Professor Thanh Tran and Professor and Associate Dean of Faculty Development & Academic Affairs Marcie Pitt-Catsouphes have been recognized for their outstanding contributions to community service and the work-family community, respectively.
On May 30 at the President’s Retirement Recognition Dinner, University President William P. Leahy, S.J., presented Thanh Tranwith the 2018 Community Service Award. The award recognizes the outstanding contributions of a Boston College employee whose actions truly exemplify the Jesuit spirit of community service and involvement. The citation read the night of the event praised Thanh’s “dedicated work with BC undergraduate and graduate students both in the classroom and on interdisciplinary research trips to Vietnam, as well as his quiet leadership and tireless efforts over three decades to improve the lives of Vietnamese Americans in Randolph and the Greater Boston area. As a scholar and devout Catholic, he is a man who embodies the true Jesuit ideal of serving others in need.”
Tran has volunteered every Sunday since 2009 at St. Bernadette’s Church in Randolph, where he established the Vietnamese Language Program. The oft-praised program provides Vietnamese language and cultural education to children from all ethnic and racial backgrounds on the South Shore and offers children and their families a safe environment to develop a strong American identity while appreciating and embracing their Vietnamese heritage. Tran is an accomplished poet and writer who has donated the proceeds of his books to fund scholarships for underserved students. He has also held a poetry reading to help raise funds to construct and support the establishment of a school in his village in Vietnam.
On June 21, Marcie Pitt-Catsouphes will receive a Special Lifetime Achievement Award from Work and Family Researchers Network (WFRN) in recognition of her extraordinary contributions since the 1980s to building the work-family community, contributing to its scholarship, and ensuring that that scholarship translates into practice. This honor is given at the discretion of the WFRN Executive Committee and is awarded on an irregular basis. WFRN itself is a testament to Marcie’s dedication to work-life research as well as her long-standing commitment to interdisciplinary work.

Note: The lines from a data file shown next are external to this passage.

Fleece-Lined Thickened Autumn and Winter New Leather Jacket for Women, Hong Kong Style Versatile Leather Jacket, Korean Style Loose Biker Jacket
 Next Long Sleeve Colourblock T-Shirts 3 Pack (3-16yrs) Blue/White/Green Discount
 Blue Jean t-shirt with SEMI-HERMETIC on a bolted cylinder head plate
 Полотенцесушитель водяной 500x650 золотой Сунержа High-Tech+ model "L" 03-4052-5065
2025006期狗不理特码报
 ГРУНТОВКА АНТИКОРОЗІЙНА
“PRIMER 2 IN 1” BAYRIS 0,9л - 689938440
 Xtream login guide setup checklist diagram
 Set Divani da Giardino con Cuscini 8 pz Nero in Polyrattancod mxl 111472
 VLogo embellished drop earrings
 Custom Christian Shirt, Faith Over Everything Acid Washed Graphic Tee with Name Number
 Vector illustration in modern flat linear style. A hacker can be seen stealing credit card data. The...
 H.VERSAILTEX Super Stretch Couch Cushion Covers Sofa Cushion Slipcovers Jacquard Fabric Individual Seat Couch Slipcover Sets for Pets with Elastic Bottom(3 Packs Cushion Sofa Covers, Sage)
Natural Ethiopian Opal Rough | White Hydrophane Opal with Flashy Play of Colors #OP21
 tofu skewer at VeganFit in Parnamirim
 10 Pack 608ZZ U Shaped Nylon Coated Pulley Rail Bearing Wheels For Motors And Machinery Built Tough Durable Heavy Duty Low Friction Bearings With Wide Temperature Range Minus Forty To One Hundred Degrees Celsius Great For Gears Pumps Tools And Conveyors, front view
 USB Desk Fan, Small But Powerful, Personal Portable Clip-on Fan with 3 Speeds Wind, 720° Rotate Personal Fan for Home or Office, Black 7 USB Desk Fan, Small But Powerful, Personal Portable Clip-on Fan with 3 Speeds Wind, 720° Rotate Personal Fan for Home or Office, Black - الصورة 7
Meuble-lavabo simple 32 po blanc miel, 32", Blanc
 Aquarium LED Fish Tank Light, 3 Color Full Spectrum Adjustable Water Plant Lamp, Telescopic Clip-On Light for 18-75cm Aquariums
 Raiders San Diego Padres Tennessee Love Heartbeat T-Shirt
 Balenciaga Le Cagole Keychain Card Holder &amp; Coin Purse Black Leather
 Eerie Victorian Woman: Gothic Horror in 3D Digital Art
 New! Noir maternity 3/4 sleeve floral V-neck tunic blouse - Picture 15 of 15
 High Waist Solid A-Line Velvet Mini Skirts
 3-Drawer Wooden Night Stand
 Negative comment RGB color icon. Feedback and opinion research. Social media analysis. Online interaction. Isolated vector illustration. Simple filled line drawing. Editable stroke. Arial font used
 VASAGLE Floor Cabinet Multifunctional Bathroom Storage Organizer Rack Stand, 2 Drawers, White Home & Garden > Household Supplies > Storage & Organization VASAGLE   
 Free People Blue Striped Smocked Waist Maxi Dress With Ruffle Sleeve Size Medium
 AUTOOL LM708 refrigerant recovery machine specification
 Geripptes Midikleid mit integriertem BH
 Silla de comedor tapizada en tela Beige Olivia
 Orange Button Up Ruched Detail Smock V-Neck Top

Pitt-Catsouphes is not only the co-president of WFRN but is the co-chair of the 2018 conference at which she will receive the award. The organization is an international professional association of scholars drawn from anthropology, demography, economics, epidemiology, sociology, social work, and management that seeks to promote knowledge and understanding of work and family issues among the community of global stakeholders. WFRN grew out of the groundbreaking work that Pitt-Catsouphes did in founding the Sloan Work and Family Research Network in 1997. Her challenge to scholars at that time was to transcend the confines of their own disciplines and engage in rigorous discourse that could result in new ideas which might benefit both employers, employees, and their families.
In announcing this honor, WFRN also cited some of Pitt-Catsouphes’s many other accomplishments, including that she was co-director and then director of BC’s Center for Work & Family (1997-1999), U.S. founding co-editor of the journal Community, Work and Family (1998-2002), on the Board of Directors of the Center for Families at Purdue University Board of Directors (2006-2014), editor (with Ellen Ernst Kossek and Stephen Sweet) of the first and only Work and Family Handbook: Multidisciplinary Perspectives and Approaches, founder and executive director of the Boston College Center on Aging and Work (2005-2015), and founding editorial board member of the Aging, Work & Retirement Journal.